We rode on this laughter that you would have loved,
joined in with Hush yo mouth chile.

You’d be proud of how we turned our heads,
away from hate: fixed our minds on sweet thangs

that stirred you 39,872 mornings
to lift from your bed, to rise.

What Flowers?

I will take spring early this year:
yellow Daffodils and Tulips with cups of color.

Last Spring the doctor handed me a diagnosis: 
Stage three Multiple Myeloma.

I survived the three-week hospital stay
and the high dose chemotherapy.

I emerge bald head looking like my own ancestor. 
In the mirror, I strengthen my stance.

Found my resolve.
I lost my hair, not my hope.

BIO:


Glenis Redmond travels nationally and internationally reading and teaching and performing poetry. She is a Kennedy Center Teaching Artist and has had two poet-in- Resident posts at the Peace Center for the Performing Arts in Greenville, SC and the State Theatre in New Brunswick, NJ. Glenis has been the mentor poet for the National Student Poets Program since 2014.  In the past she has prepared these exceptional youth poets to read at the Library of Congress, the Department of Education, and for First Lady Michelle Obama at The White House. Glenis is a Cave Canem Fellow and a North Carolina Literary Fellowship Recipient. She also helped create the first Writer-in-Residence at the Carl Sandburg Home National Historic Site in Flat Rock, North Carolina.

She has most recently been awarded the highest award for the Arts in the state of South Carolina, The Governor’s Award.

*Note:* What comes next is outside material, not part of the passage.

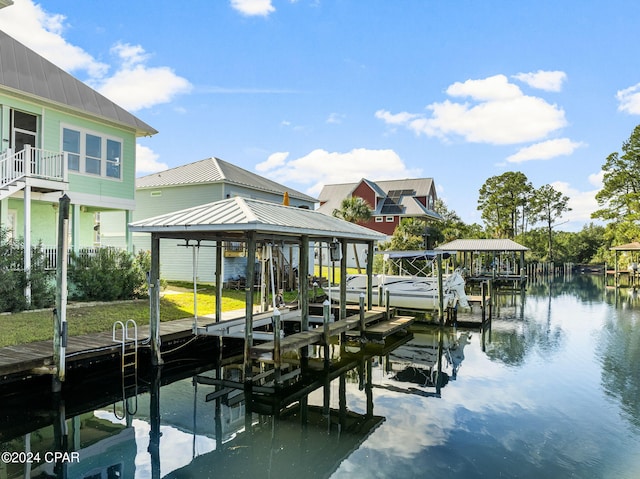 view of dock featuring a water view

Also, she will receive the “Charlie Award,” given in memory of Charles Price granted by the Carolina Mountains Literary Festival in the Fall of 2020. In 2014-20, Glenis has served as the Mentor Poet for the National Student Poet’s Program Her latest book, “The Listening Skin” will be published by Four Way Books in 2022.

Author and T&W Board member Tayari Jones selected Glenis Redmond’s essay, “Poetry as a Mirror,” as the runner-up for the 2018 Bechtel Prize. Teachers & Writers Collaborative awards the annual Bechtel Prize to the author of an essay that explores themes related to creative writing, arts education, and/or the imagination.   Redmond’s “Dreams Speak: My Father’s Words” was chosen for third place for the North Carolina Literary Review’s James Applewhite Prize and “Sketch,” “Every One of My Names,” and “House: Another Kind of Field will be published in NCLR in 2019. These poems are about —Harriet Tubman, the most famous conductor of the underground railroad; Harriet Jacobs, who escaped from slavery and became an abolitionist, and the author of Incidents in the Life of a Slave Girl; and Harriet E. Wilson, who was held as an indentured servant in the North and went on to become an important novelist, businesswoman, and religious speaker.

Glenis believes that poetry is a healer, and she can be found in the trenches across the world applying pressure to those in need, one poem at a time.